In total, 1,753 out of 1,990 hybrid journals published at least one open access article from 2015 to date, corresponding to about 88% of journal titles in Elsevier’s hybrid journal portfolio. In these journals, 70,657 articles were published open access. The total share of hybrid open access in the publication volume of Elsevier journals was 2.4%.
The open access share varied across Elsevier hybrid journals. Figure 1, which replicates a boxplot aesthetics from The Economist magazine using the ggeconodist package (Rudis 2019), shows a slow, but steady hybrid open access uptake. The median open access proportion was around 3% in the first eleven months in 2019.
In most cases, Elsevier sent invoices for hybrid open access publication fees to individual authors (59%). For around 33% of articles, the publisher directly billed funders and research organisations. Elsevier granted publication fee waivers to 6.2% of open access articles in hybrid journals.
Figure 2 shows the annual development per invocing type. Inspired by Claus O. Wilke’s “Fundamentals of Data Visualisation” (Wilke 2019), each type is visualised separately as parts of the total. The figure reveals a general growth of open access articles in hybrid journals. It illustrates that this development was mainly driven by billing individual authors, while central invoicing stagnated. Also, the amount of fee-waived articles remained more or less constant from 2015 to date.
The following interactive visualisation (Figure 3), created with the echarts4r package(Coene 2019), lets you browse the invoicing data. I recommend using a recent Chrome browser ot interact with the visualisation.
Clicking on “Agreement” shows the funders or research organisations that paid for open access publication fees as part of a central or transformative agreement. In total, Elsevier disclosed 74 different institutions that received an invoice for open access publication. Not surprisingly, mostly British and Dutch funders or consortia paid for hybrid open access in Elsevier hybrid journals. The German Federal Ministry of Education and Research (BMBF) is, however, also represented despite the current boycott from most universities and research organisations in Germany (Else 2018). In fact, the BMBF is not part of the Alliance of Science Organisations in Germany, whose members want to negotiate a transformative agreement with Elsevier (Mittermaier 2017). Since 2018, the BMBF has financially supported 181 open access articles that appeared in 129 Elsevier hybrid journals according to data from the publisher.
In addition to funding information, email domains were parsed from Elsevier full-texts. These domains roughly indicate the affiliation of the first corresponding author, a data point used to delineate open access funding (Geschuhn and Stone 2017).

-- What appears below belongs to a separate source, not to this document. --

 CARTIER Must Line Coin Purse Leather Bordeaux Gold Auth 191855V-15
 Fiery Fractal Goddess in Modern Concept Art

Figure 4 presents a breakdown by email domain suffix. In total, 67,900 email addresses were retrieved and parsed from Elsevier full-texts, corresponding to a share of 96%. Most corresponding author emails originate from academic institutions in the UK (“.ac.uk”), reflecting the country’s leading role in supporting hybrid open access (Pinfield, Salter, and Bath 2015). They are followed by domains from commercial organisations (“.com”), and US-American institutions of higher education (“.edu”). The figure illustrates that European institutions from Germany (“.de”), the Netherlands (“.nl”), and Sweden (“.se”) were also well represented. In total, 330 domain suffixes were retrieved.
In the following figure, a hierarchical, interactive treemap visualises the distribution of the email domains (see Figure 5). It appears that this distribution roughly represents the overall national research landscapes measured by publication output. However, the dominance of domains from commercial organisations, mostly email providers like “gmail.com” or the Chinese “163.com” and “126.com”, highlights the limitations of this approach to infer eligible funding institutions with author email addresses.

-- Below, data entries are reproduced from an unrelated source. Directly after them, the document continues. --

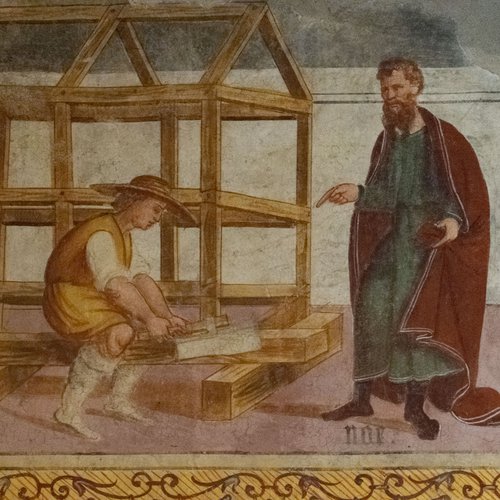 Storie di Noè, Costruzione dell’arca, affresco sec. XVI, chiesa di Sant'Andrea Apostolo, Gris
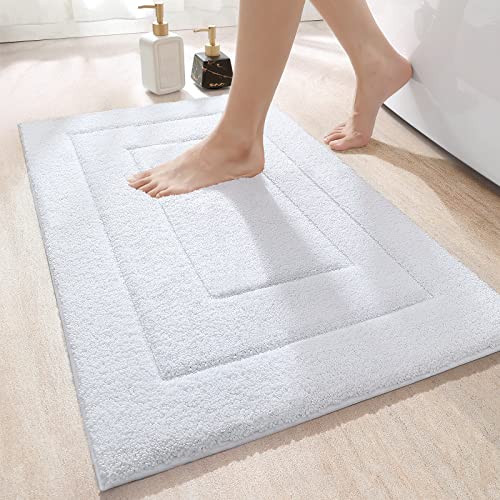 DEXI Badteppich rutschfeste,weicher Badezimmerteppich Wasserabsorbierend Badematte maschinenwaschbar Badvorleger für Dusche,Badewanne und Toilette - Weiß,60 x 90 cm von DEXI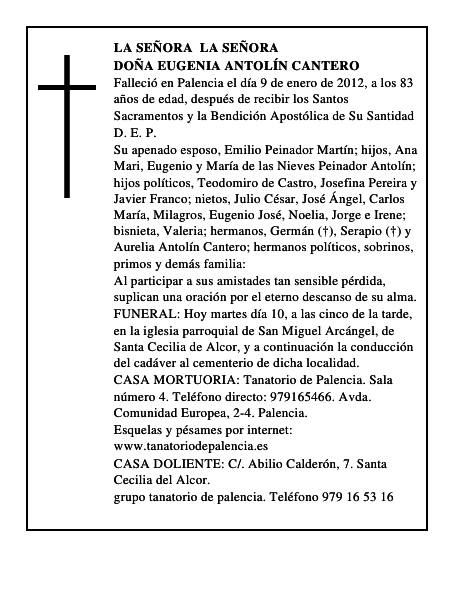 Doña Eugenia Antolín Cantero
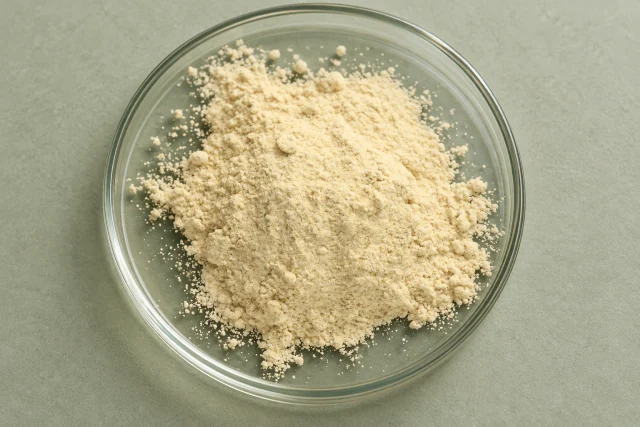 Illustrative photograph: Close view of pale cream XCelliStem wound powder on glass
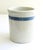 Pair of stoneware striped pottery utensil holders. Pitcher stamped makers mark Roseville U.S.A. Pitcher Dimensions: 3.5"D...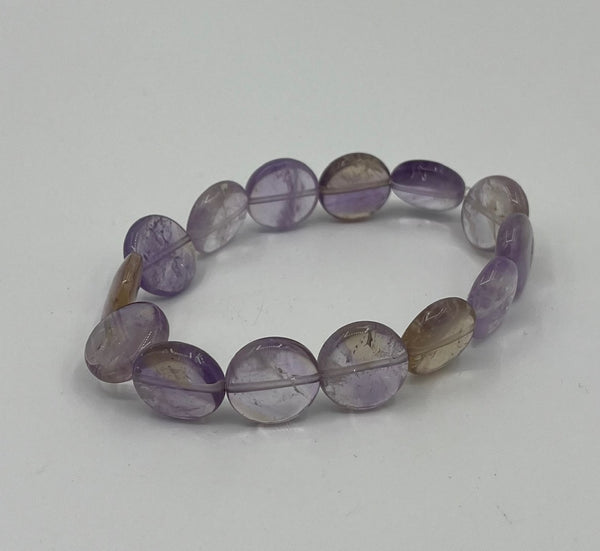 Natural Ametrine Gemstone Puffed Disk Beaded Stretch Bracelet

Finally, I was interested in the overlap between publisher-provided invoice data from Elsevier and institutional spending data from the Open APC Initiative. In total, the Open APC Initiative tracked 8,213 out of 70,657 published open access articles in hybrid journals, corresponding to a share of 12%. Institutional expenditures for these articles amounted to 24,008,889 € according to Open APC data. However, the Open APC Initiative listed 683 additional open access articles. One likely explanation is that the Crossref metadata representing these articles did not meet my criteria; another explanation could be that they appeared in journals that recently transitioned from hybrid to fully open access (e.g. the journal “NeuroImage”). At the journal level, the overlap was 58%.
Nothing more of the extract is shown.